++++ RECORDS FOR THE EXERCISE

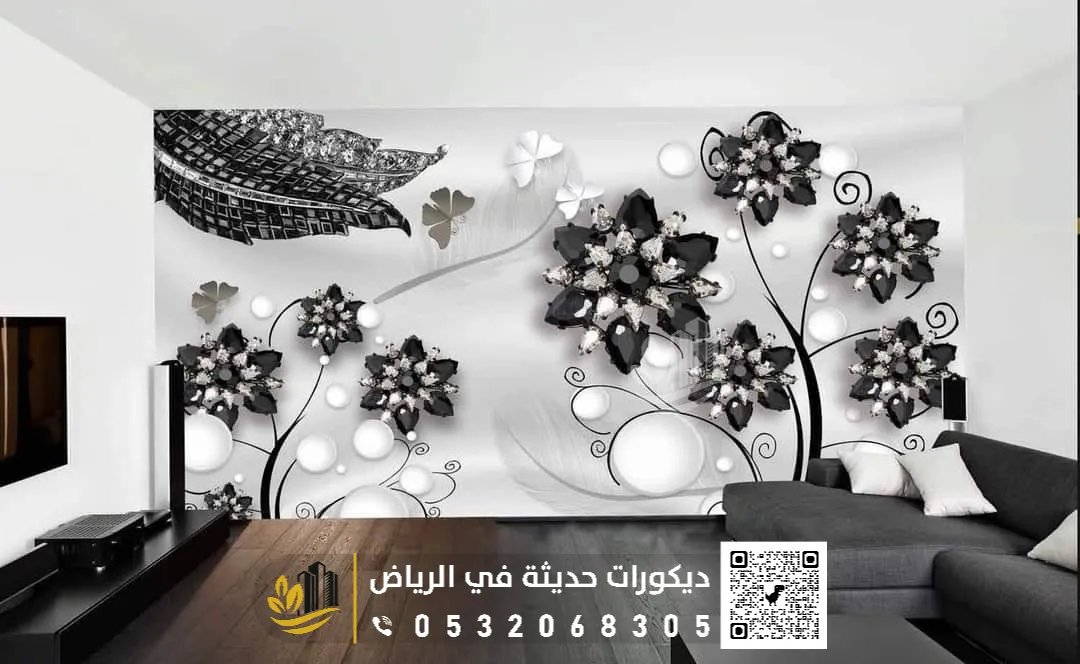 تركيب ورق الجدران بالرياض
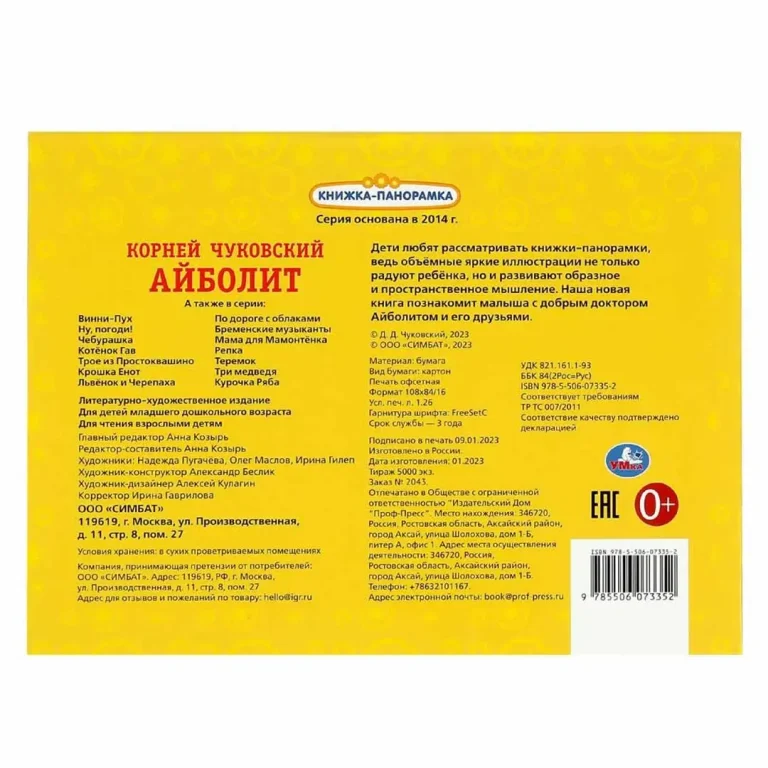 Айболит. К. Чуковский. Книжка-панорамка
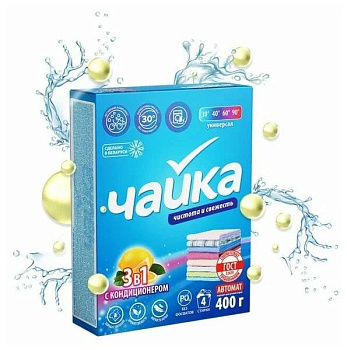 Порошок стиральный автомат 3в1 с кондиционером Чайка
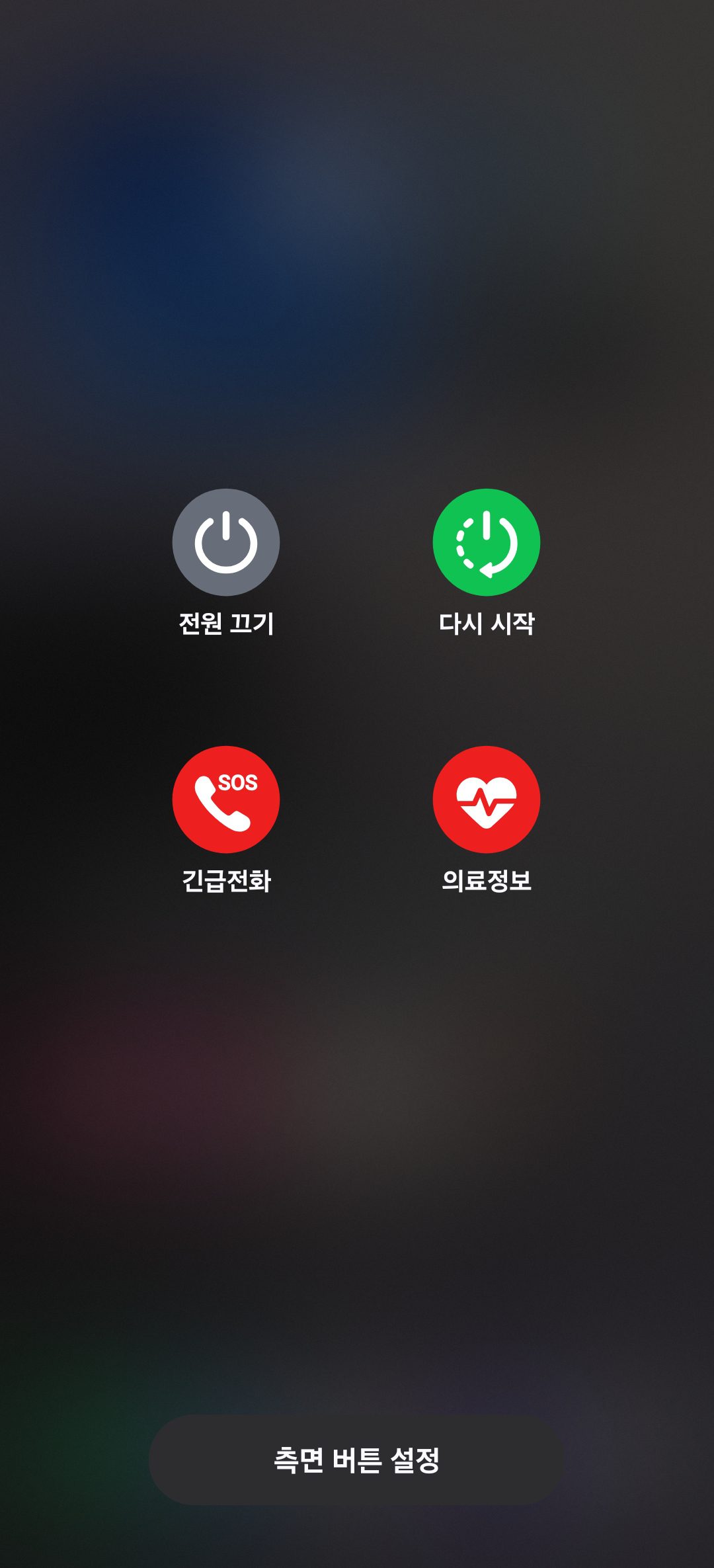 갤럭시 전원+볼륨 하 강제 재시작 화면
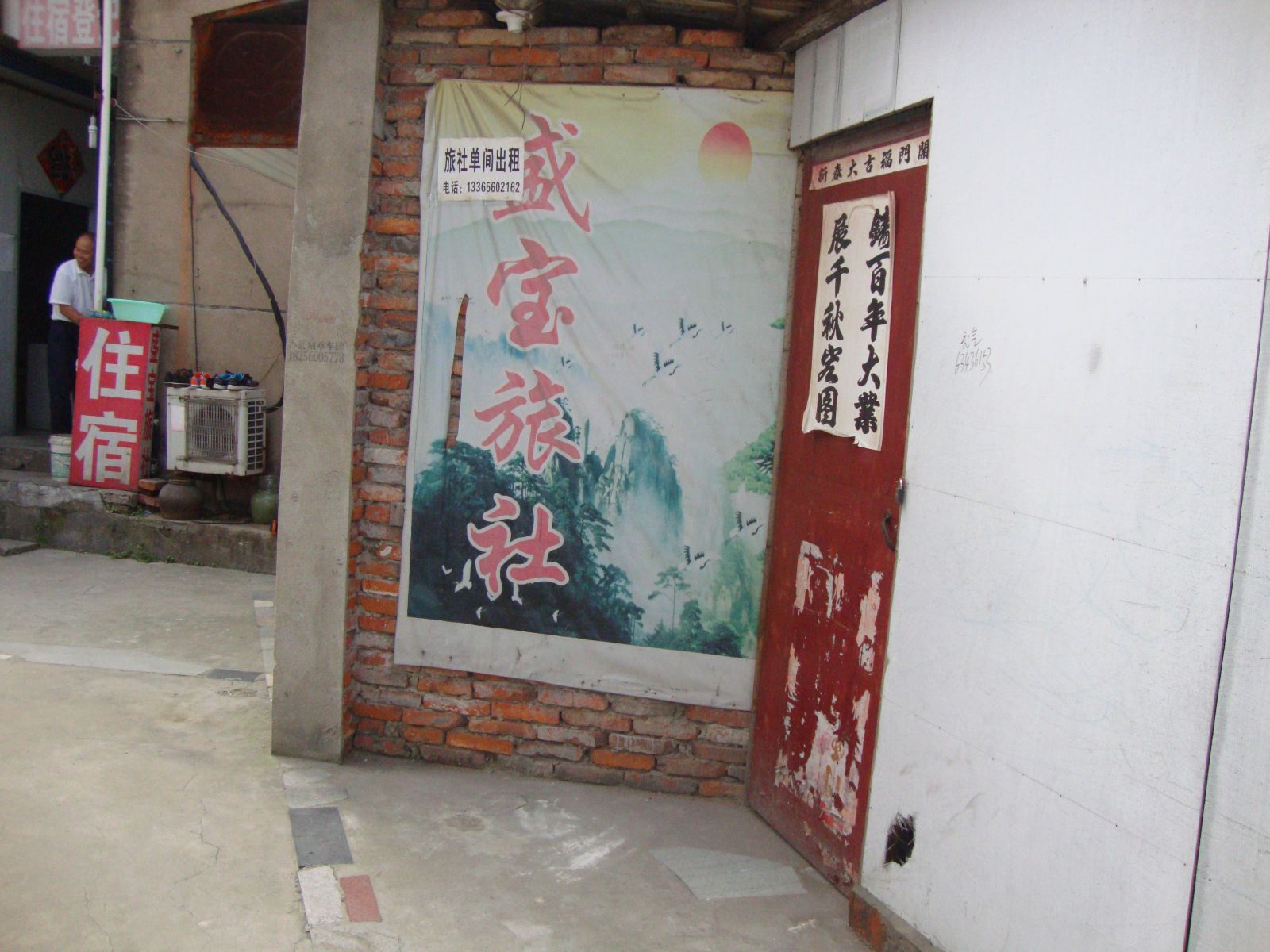合肥盛宝旅社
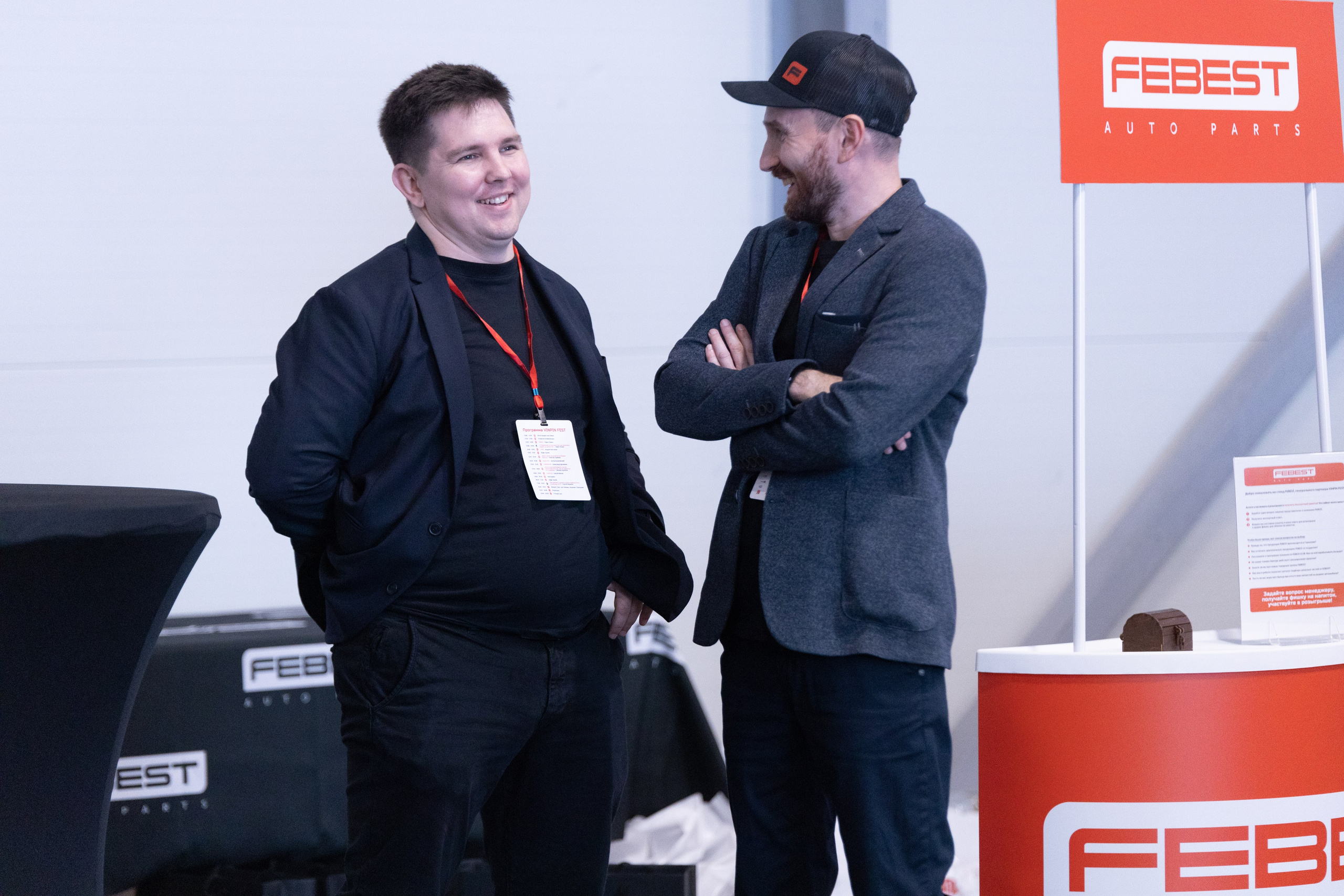 VINPIN FEST 3-й фестиваль автобизнеса. Портретный и репортажный фотограф из Нижнего Новгорода Александра Лабутина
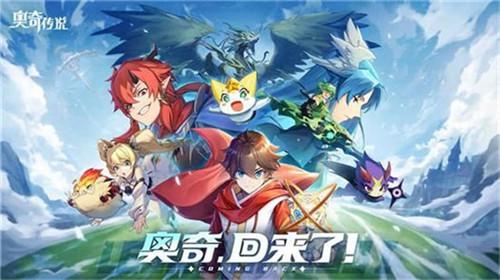 奥奇传说手游兑换码在哪里使用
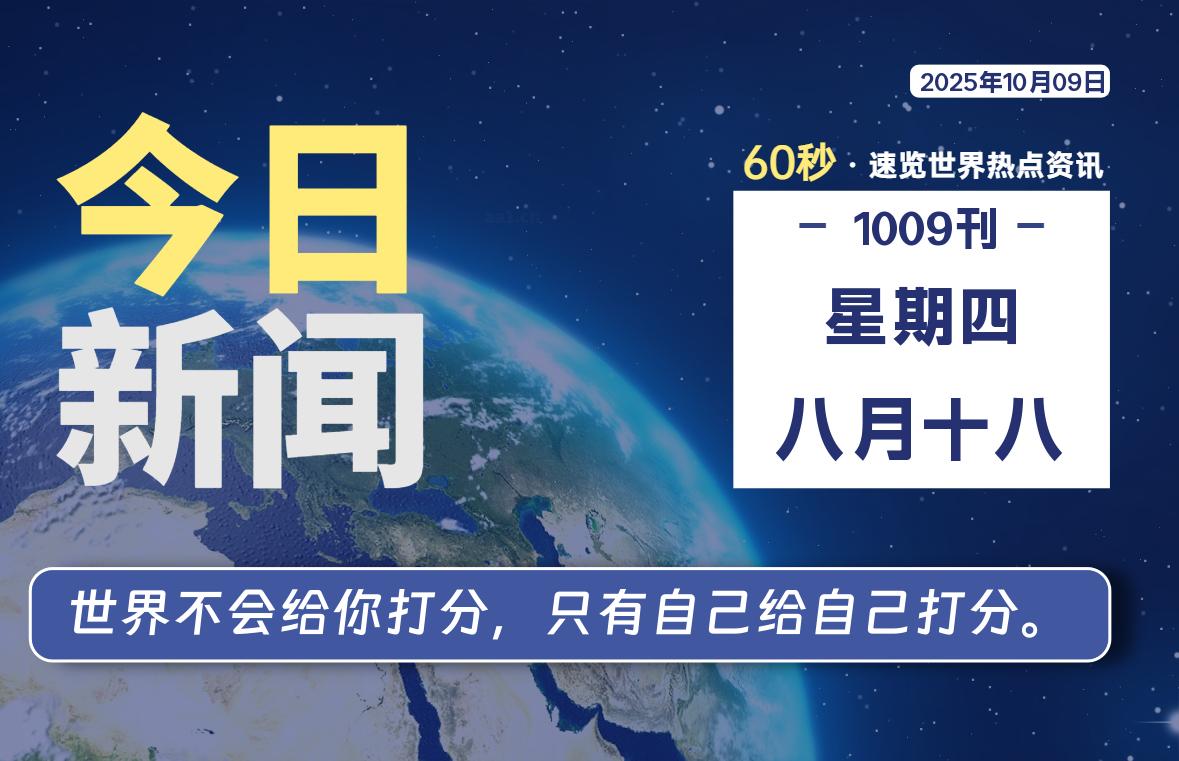 10月09日，星期四, 60 秒速览天下！主题美化网带你纵览全球新闻-主题美化网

++++++++

### TASK ITEM
Transcribe all of the material exactly and leave out its pictures.

### EXPECTED OUTPUT
 تركيب ورق الجدران بالرياض
 Айболит. К. Чуковский. Книжка-панорамка
 Порошок стиральный автомат 3в1 с кондиционером Чайка
 갤럭시 전원+볼륨 하 강제 재시작 화면
合肥盛宝旅社
 VINPIN FEST 3-й фестиваль автобизнеса. Портретный и репортажный фотограф из Нижнего Новгорода Александра Лабутина
 奥奇传说手游兑换码在哪里使用
 10月09日，星期四, 60 秒速览天下！主题美化网带你纵览全球新闻-主题美化网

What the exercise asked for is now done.